EXERCISE AIM: Copy, word for word, the lines below from the one containing "Essence Day Spa" up to and including the one containing "Протрузии дисков с3 с7", with pictures left out.

SUPPLIED RECORDS:
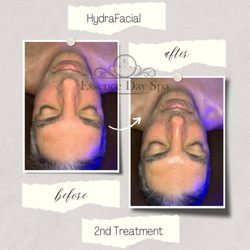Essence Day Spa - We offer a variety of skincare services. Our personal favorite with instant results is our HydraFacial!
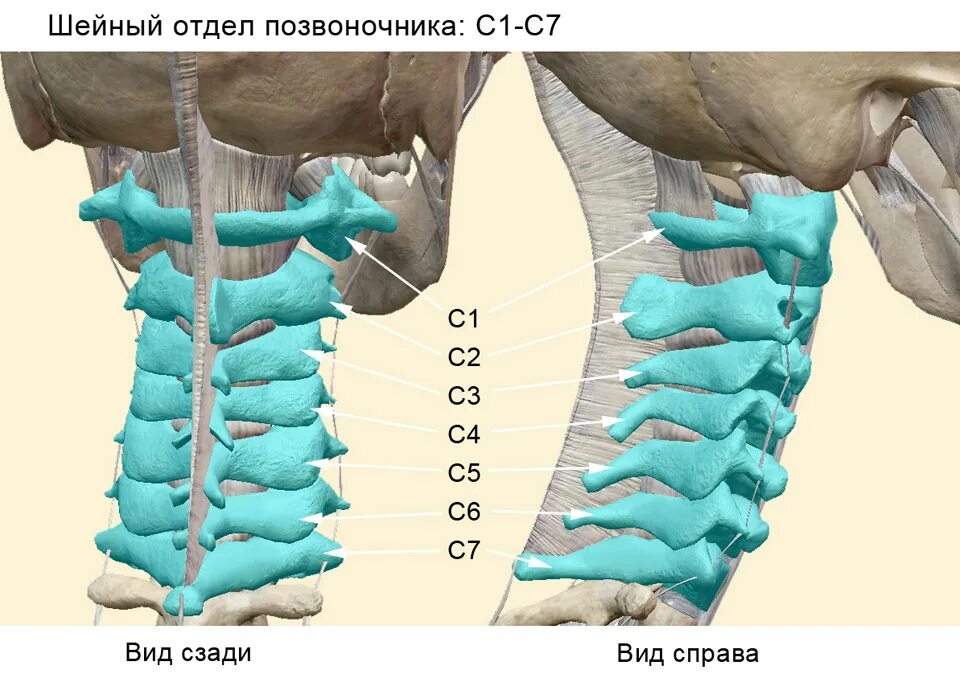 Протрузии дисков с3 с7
---
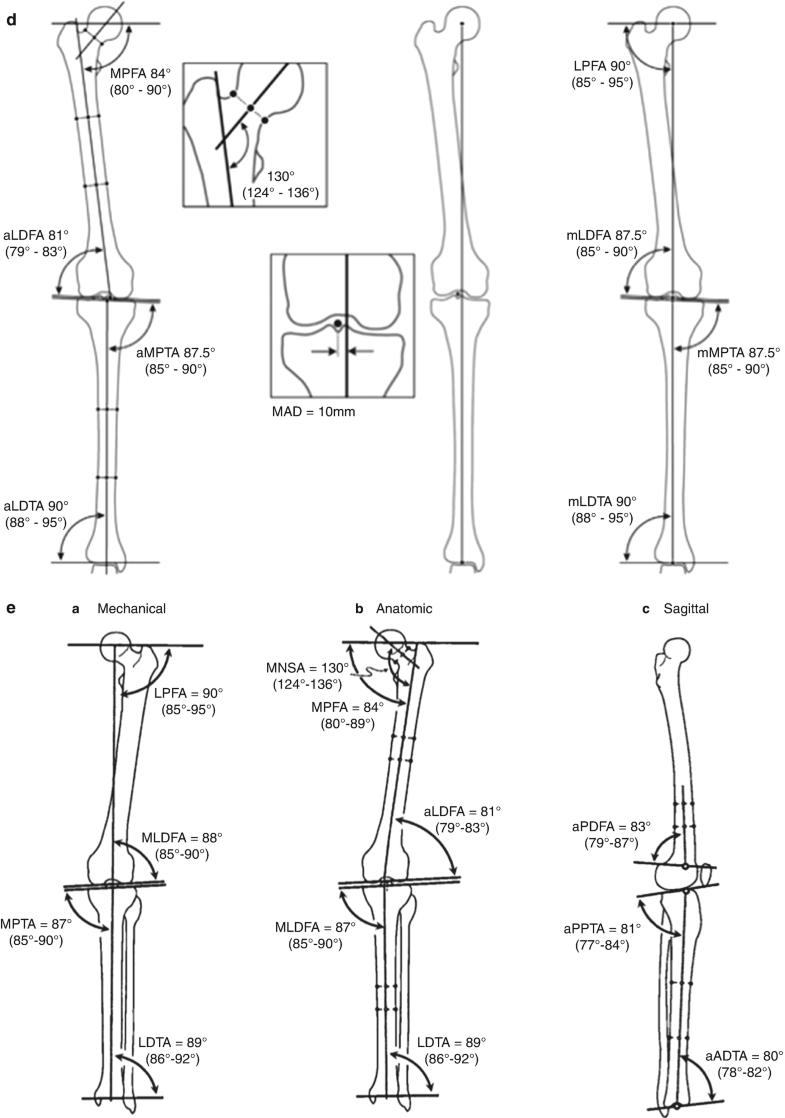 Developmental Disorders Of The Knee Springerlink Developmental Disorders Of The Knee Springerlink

RESPONSE BELOW:
Essence Day Spa - We offer a variety of skincare services. Our personal favorite with instant results is our HydraFacial!
 Протрузии дисков с3 с7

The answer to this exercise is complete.